Stars in the Daylight: Ministry in a Guatemala City Landfill

Among the lush forests of the mountains of Central America, a canyon carved into the earth long before the first indigenous people set foot upon the land now serves as the largest known dump-site in the region. Surrounded by a twelve-foot concrete wall topped with razor wire and a single point of entry protected by a set of steel doors closed and locked nightly, this dump site is a wasteland of discarded food, industrial supplies, human waste, and toxic chemicals. The dump is not only an urgent situation threatening the local environment but is also the site of a growing systemic humanitarian crisis. “The mine” –– as the landfill has come to be known –– is home for thousands of people who are among the poorest in Guatemala. However, within this hellish place where children, women, and men live, is a familiar presence –– the church.

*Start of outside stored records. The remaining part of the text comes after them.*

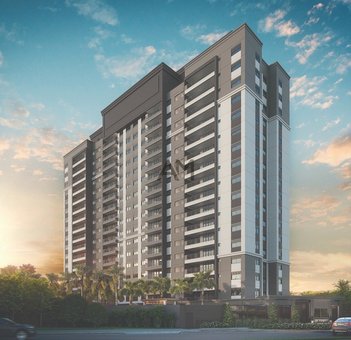 apartment em Rua Adalberto Kemeny, Parque Industrial Tomas Edson - São Paulo - SP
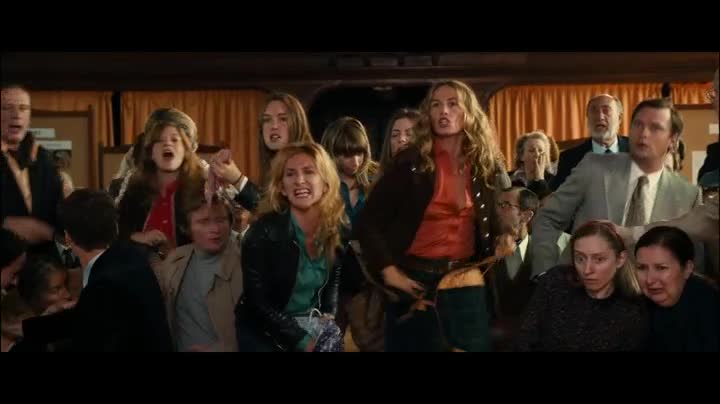 Extrait vidéo du film  La Belle saison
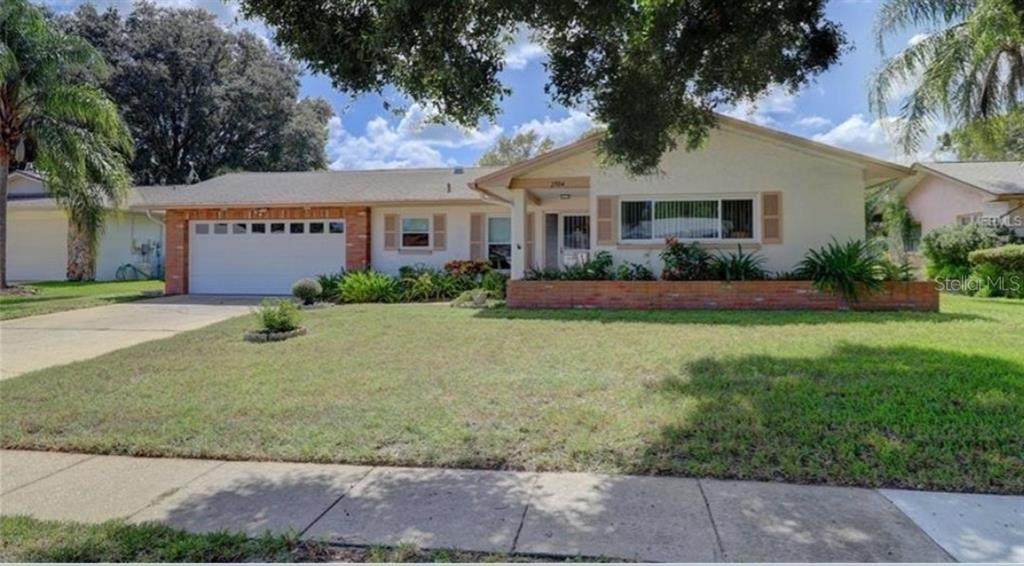 2904 Macalpin Drive - Photo 1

Knox alumnus Dana Craft (MABTS ’16) serves as an ordained Anglican minister in the heart of Guatemala City. After graduation, Craft planted his first church inside the dump site to minister in the most difficult of places and circumstances. Since then, he has planted an additional church in the city and also runs a non-profit NGO to provide relief to the suffering in times of need. In 2020 after the devastation caused by back-to-back category 4 hurricanes Eta and Iota, Craft’s ministry was able to give away over one hundred gas stoves and tanks to families in need. More recently, he helped provide burial services for over two-dozen families who lost loved ones in a mudslide due to extremely heavy rainfall in the region.


“This is a very dark place,” Craft says as he attempts to summarize life on the front lines of ministry in Guatemala. Decades of widespread political corruption have produced systemic oppression and poverty fueled by the dominance of gangs and drug lords. “The people, especially among the indigenous,” according to Craft, “are the ones who suffer the most.”


A “dire” situation.


With the emergence of the COVID-19 pandemic in late 2019, vulnerable countries like Guatemala are at an increased risk. Nearly two years later, just as vaccine distribution has become widespread among affluent nations around the world, Guatemala’s vulnerability to suffering and loss is entering its peak. While the number of souls perishing on a daily basis is widely unaccounted for, there is evidence of growing desperation among the people. According to Craft, he and his wife have lost more friends, neighbors, and church members in the last two months due to COVID-19 than through the entire pandemic since it began in early 2020.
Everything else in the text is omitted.